The rows of the original vineyard were planted very far apart to allow the use of standard rather than specialised agricultural equipment; they are far wider than would be expected in a UK vineyard now and massively so compared to the density of planting in France and elsewhere. The rows all run east-west across the gently sloping vineyard, rather than north-south, down the slope, as they would be planted now in order to provide better sun exposure and air circulation.
In the vineyard Ged took the group through the year’s tasks, helpfully breaking it down into just six visits to the vines, for pruning, tying down, shoot thinning, tucking in, canopy management and harvest. This approach underplays the challenges of producing healthy, ripe fruit (“a good crop of juice”) but is very effective in simplifying and communicating 12 months of hard work.
After walking on to the next vineyard, where more ornamental columns stand next to the vines, we returned to the winery to learn about converting the grapes into the white, red, rosé and sparkling wines produced at Chilford Hall.
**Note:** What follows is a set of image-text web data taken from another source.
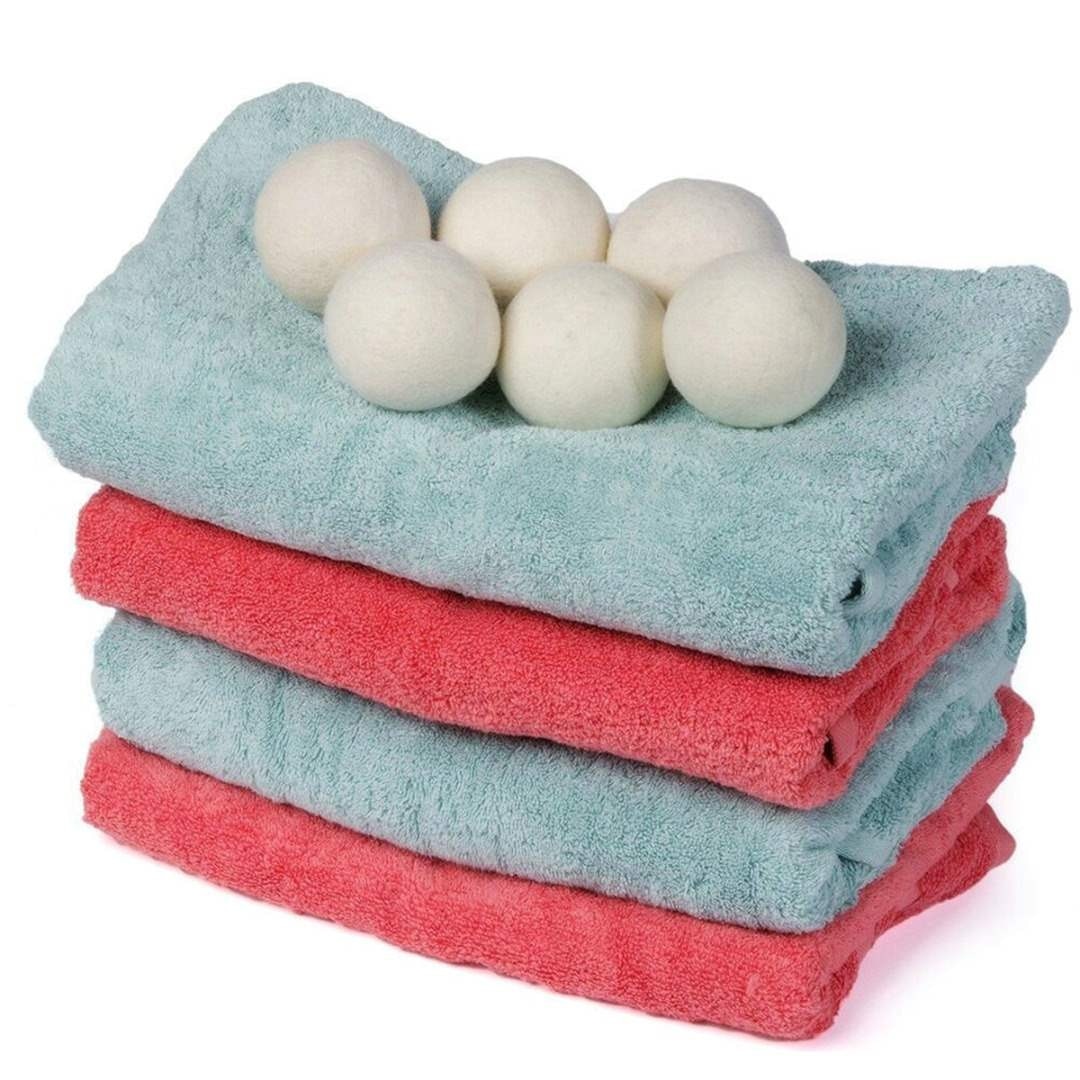 Reusable Laundry Wool Balls (6 pcs)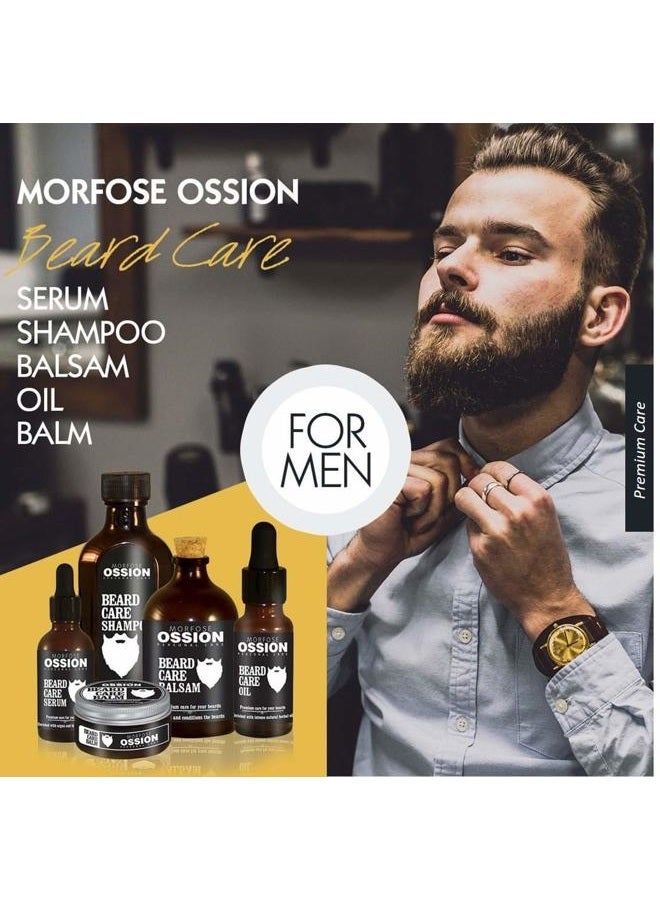 MORFOSE Ossion Beard Care Balsam, Promotes Healthy Hair Growth, Fuller, Longer and Thicker Beard, Alleviates Itches, Eliminates Beardruff, Enriched with Argan and bitter Almond Oil, 3.4 Ounce - Image 4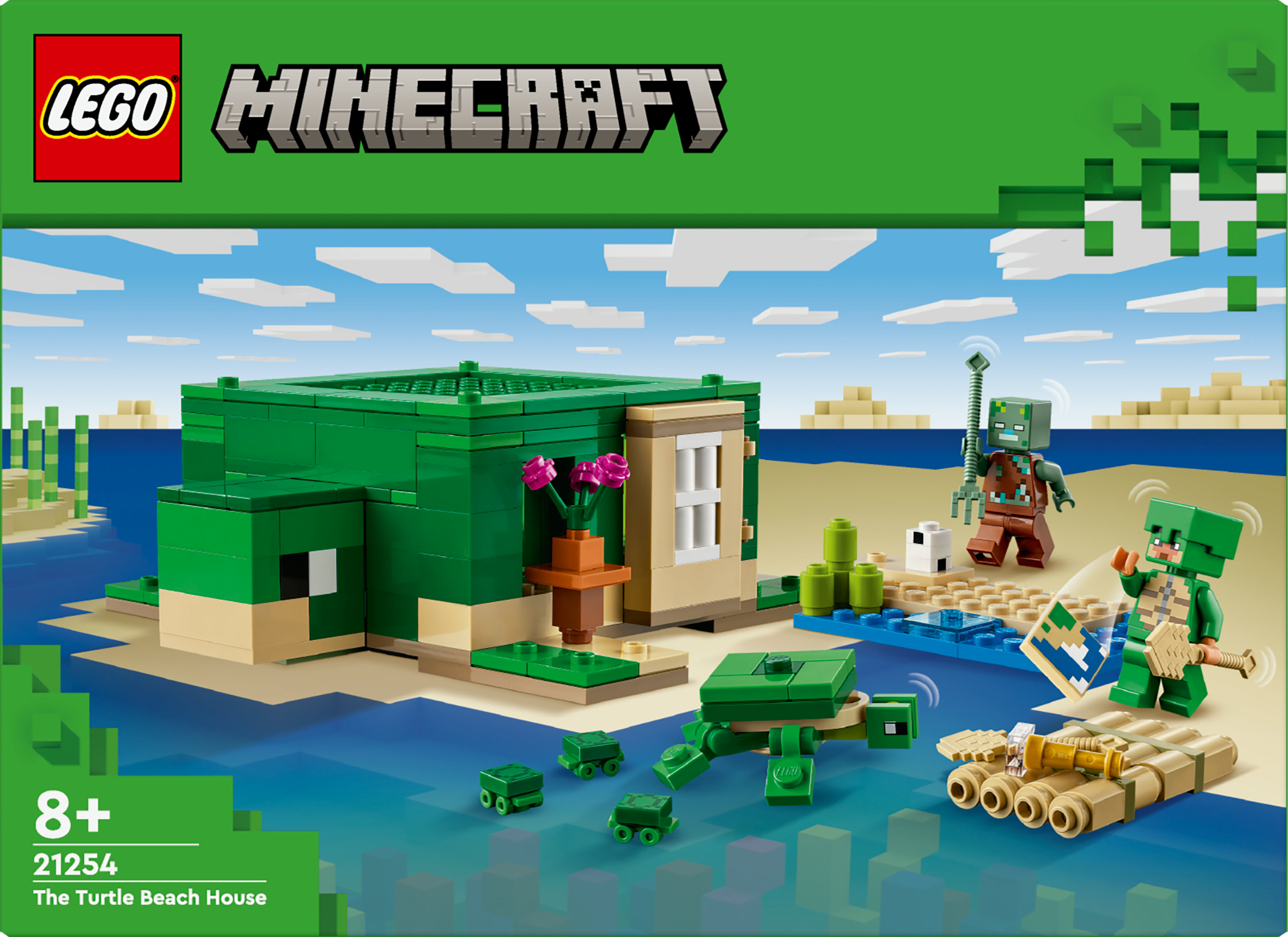 LEGO Minecraft Beach House della tartaruga
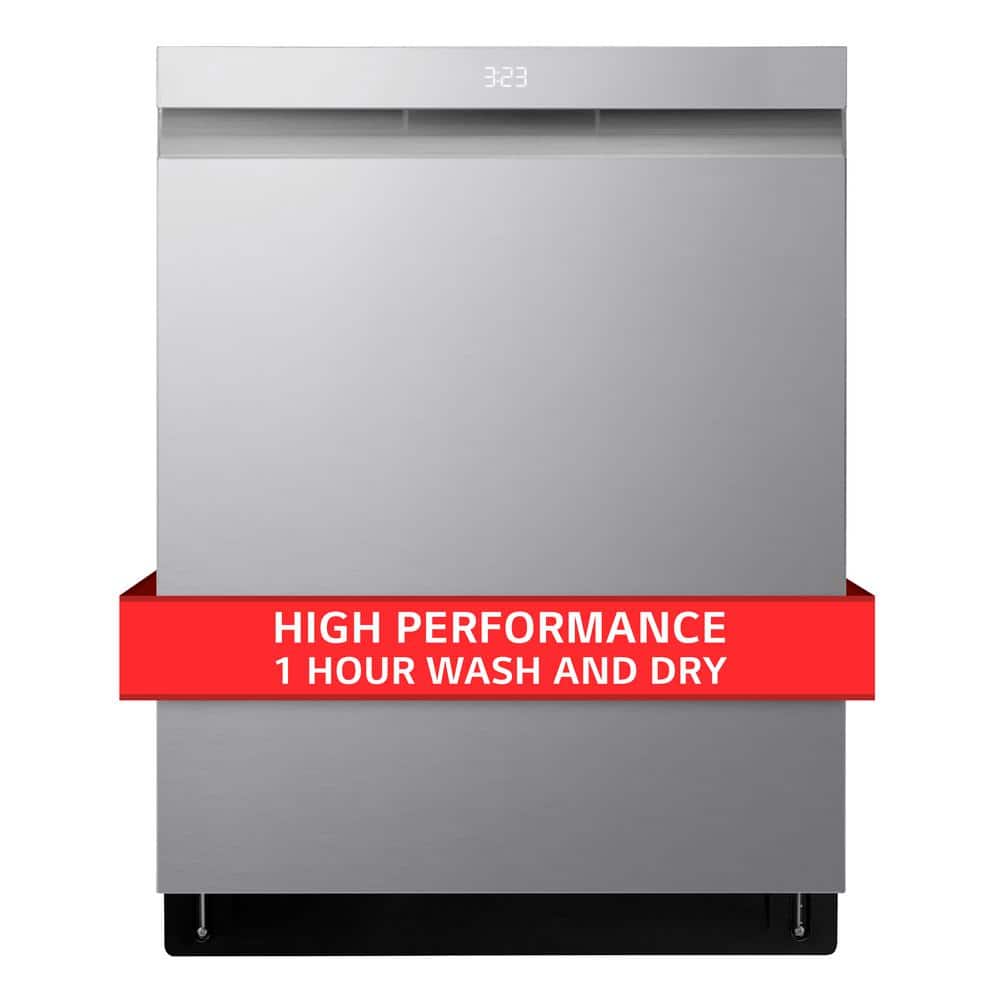 LG 24 in. PrintProof Stainless Steel Smart Top Control Dishwasher with 1-Hour Wash and Dry, QuadWash Pro and Dynamic Dry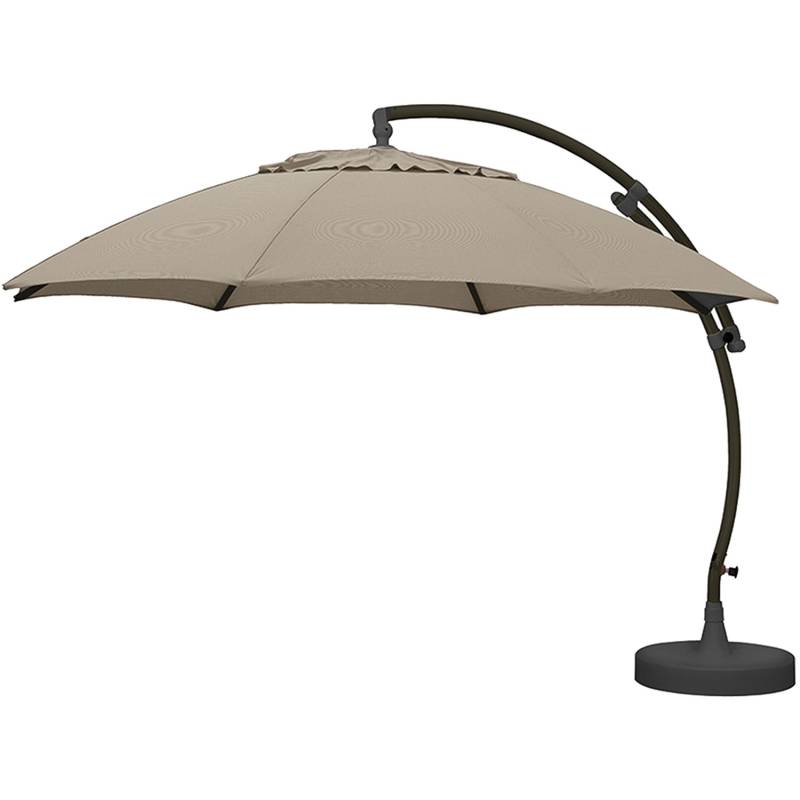 Sun Garden Ampelschirm Easy Sun KD Ø 375 cm Anthrazit Taupe von Sun Garden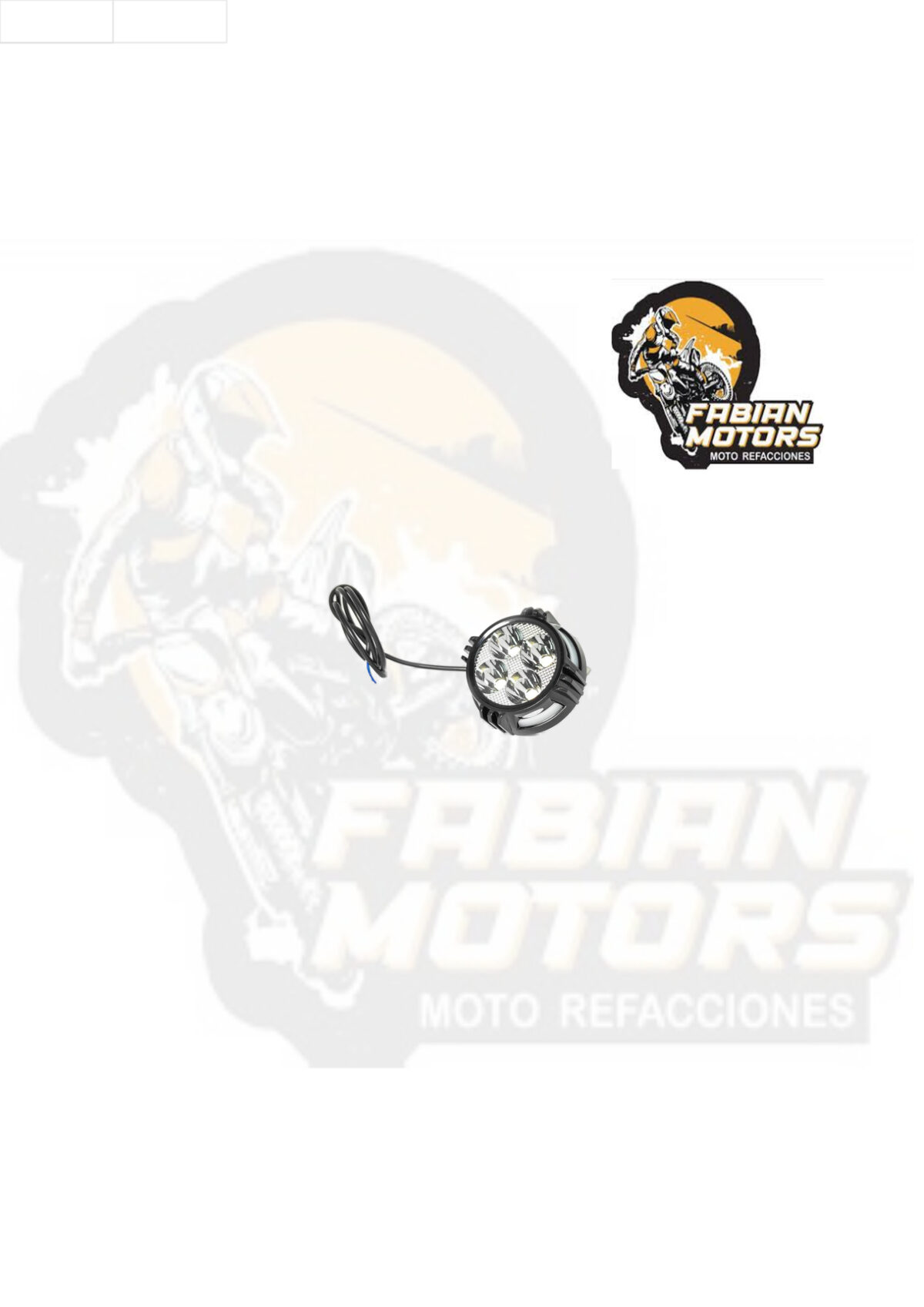 FARO AUXILIAR CON BASE 12V NEGRO 800 LUMENS SG04B (PIEZA)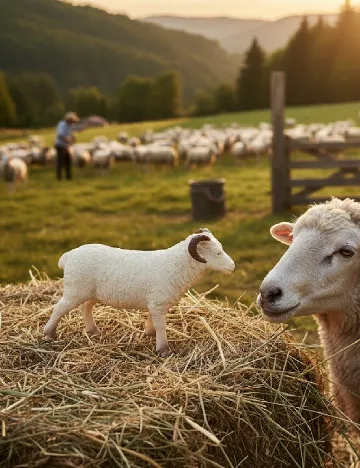 Figurina Oaie Zd Trading, ecru Alb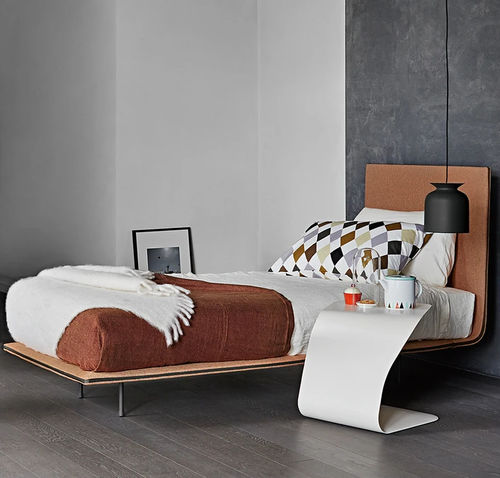 Letto matrimoniale - Thin  - BONALDO - singolo / contemporaneo / imbottito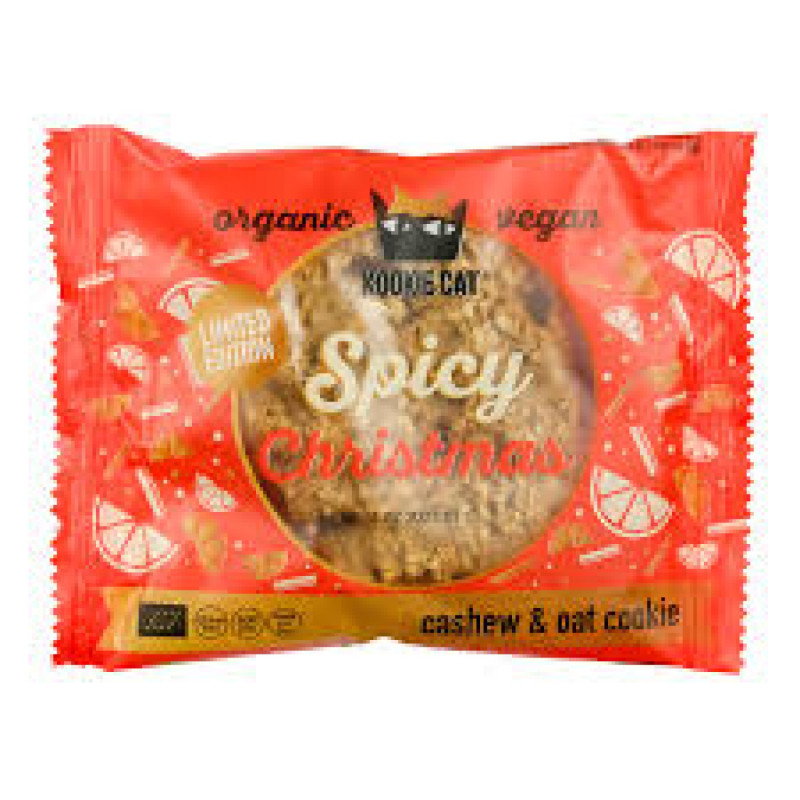 Kookie cat Spicy Christmas Cashew-kaurakeksi, 50 g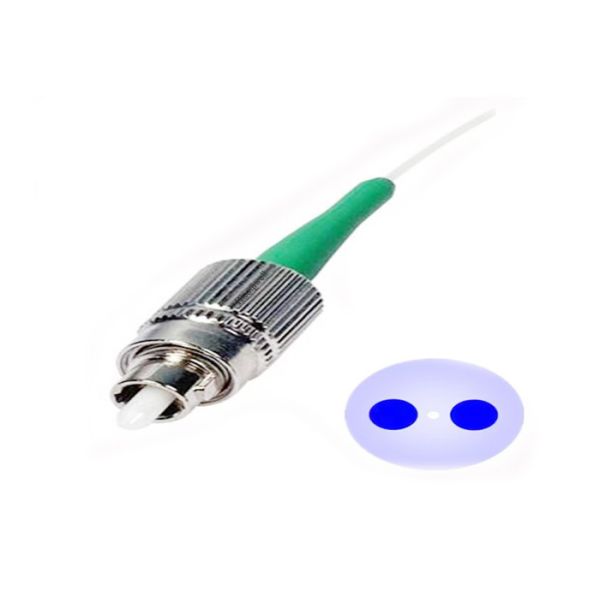 高バイブリゲント (hi-bi) 繊維 1310 nm SM FC/APC 偏振 維持 繊維 ジャンパー 豚尾 0.9 スリーブ FC 繊維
All of the wines are made on site by winemaker Mark Barnes, although riddling and disgorging the sparkling wines is entrusted to Emma Rice (the UK Vineyards Association’s Winemaker of the Year 2014) at Hattingley Valley in Hampshire, with whom Mark attended Plumpton College.
The winery is a hodgepodge of architectural salvage. The beams of the timber-framed barn came from the nearby village of Hildersham and the marble floor was snapped up from the London Stock Exchange. Above the door to the adjacent building a stone lintel dated 1903 comes from Waterloo station. The overall effect is sort of Alsatian-monastic style. Inside, space had been cleared for 10,000 litres worth of new stainless steel tanks which were about to arrive. The ideal spot for them was where the ancient bottling line (secondhand in 1972!) sits heavily but no one dare move it lest it finally give up the ghost. A new £80,000 bottling line is on its way which will see Chilford’s wines bottled under screwcap in future.
The tour then proceeded to the bistro for a tasting, where tables were laid out with glasses, tasting notes, water, crackers and spittoons for those who were driving, but with a group of 20 the room was a little cramped; it would also have been good to have more space for extra glasses to better compare the wines.
Five wines were tasted. A Müller Thurgau / Schönburger 2013 and Müller Thurgau / Reichensteiner 2013 were both very similar – light, crisp and faintly floral, typically English in style and well suited for a hot summer day. The third wine, an Ortega / Reichensteiner 2013, had more depth of flavour with a slight spicy lift and good length. It was followed by the rosé Blush 2014, the same Müller Thurgau / Schönburger blend as the first wine but with the addition of some Dornfelder to bring colour and a hint of strawberries to the blend. This wine won Silver at the UK Vineyards Association Awards in 2015.
The tasting finished with Chilford Hundred Sparkling Pinot Noir 2013. Still a young wine, it is unusual (for an English wine at least) in being bottled with zero dosage, i.e. with no additional sugar added after the wine is disgorged, before being bottled and prepared for sale.
A tour at Chilford Hall gives a thorough overview of wine making in England. With vineyard, winery and tutored tasting, visitors learn everything there is to know about what goes into producing – and enjoying – English wine. There is of course also the option to carry on learning by taking a few bottles home from the shop, where some on display date back to 1974. After the tasting I picked up some Ortega/Reichensteiner and a bottle of Blush for my dad and we hit the road.